◆ **Exercise requirements**
The output is the line containing "法国紧急立法避免政府停摆" plus every later line down to the end of the listing below, copied exactly. No pictures belong in it.
++++ Source material ++++
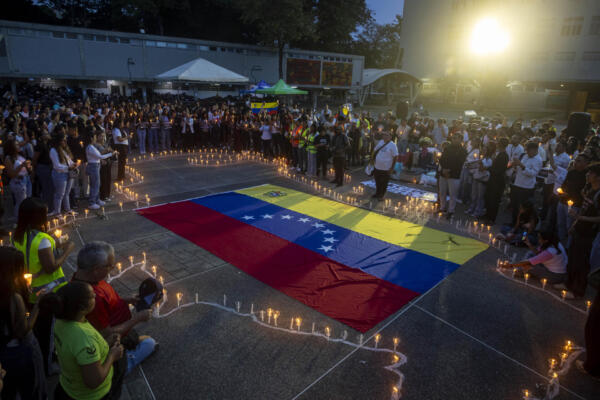 Un grupo de personas participa en una vigilia en honor las victimas de los terremotos en Caracas (Venezuela). EFE/ Miguel Gutiérrez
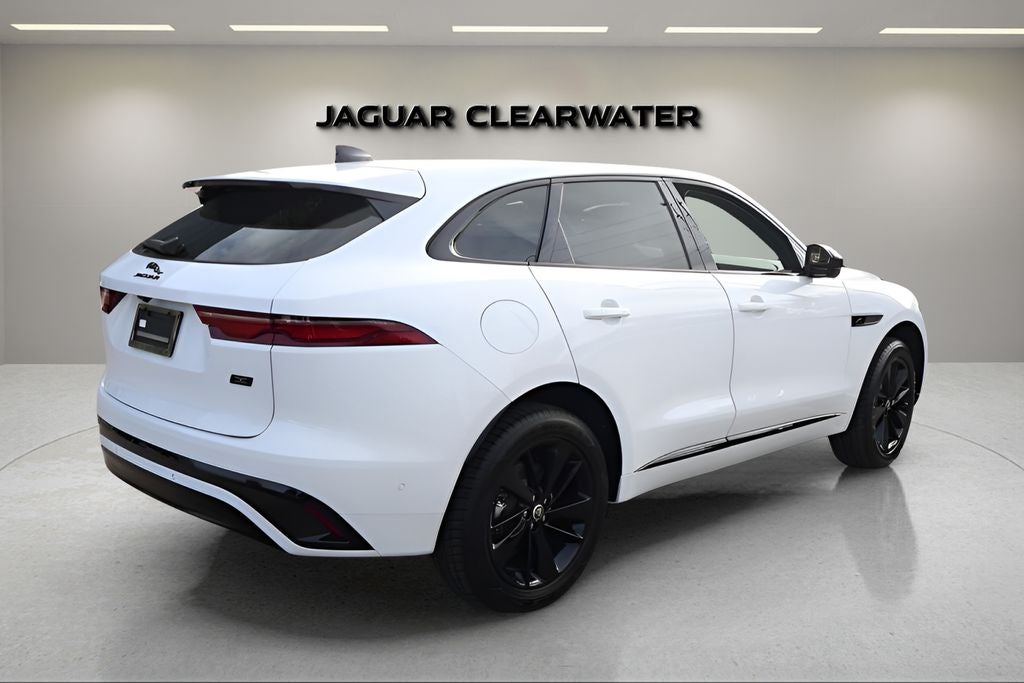 2026 Jaguar F-PACE — detail view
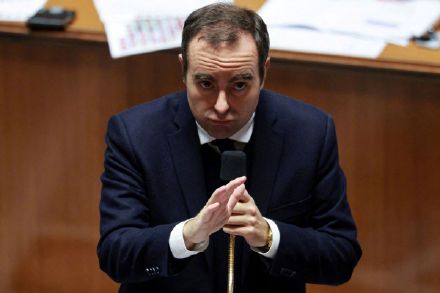 法国紧急立法避免政府停摆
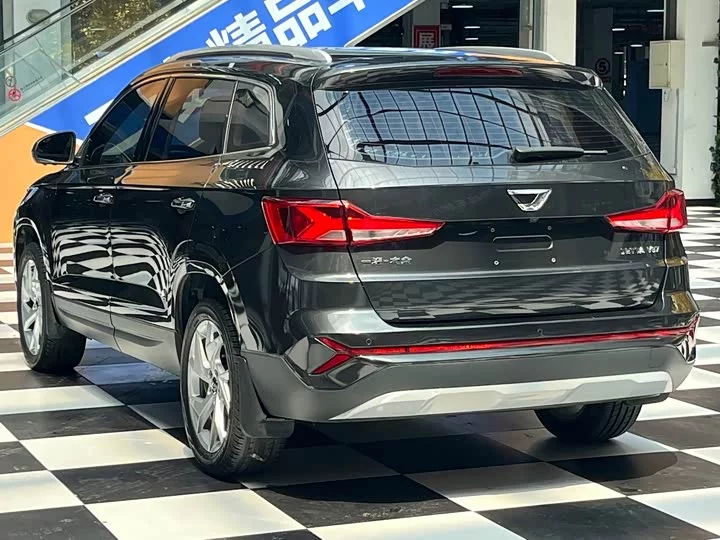 Jetta VS7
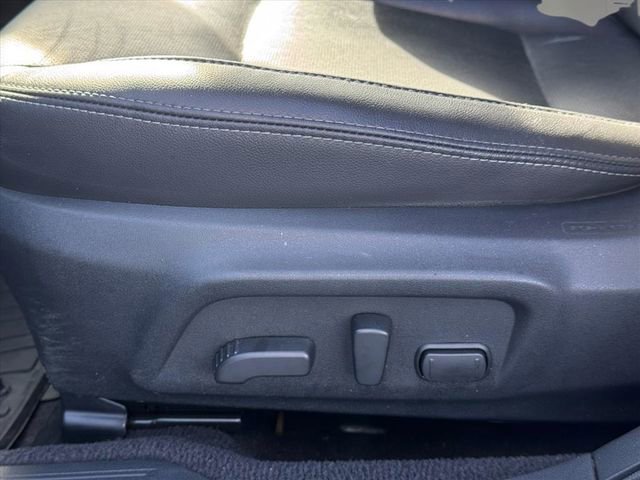 Used 2015 Subaru Legacy 2.5i Limited w/ Popular Package #4 image 14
++++
◆ **Response area**
 法国紧急立法避免政府停摆
 Jetta VS7
 Used 2015 Subaru Legacy 2.5i Limited w/ Popular Package #4 image 14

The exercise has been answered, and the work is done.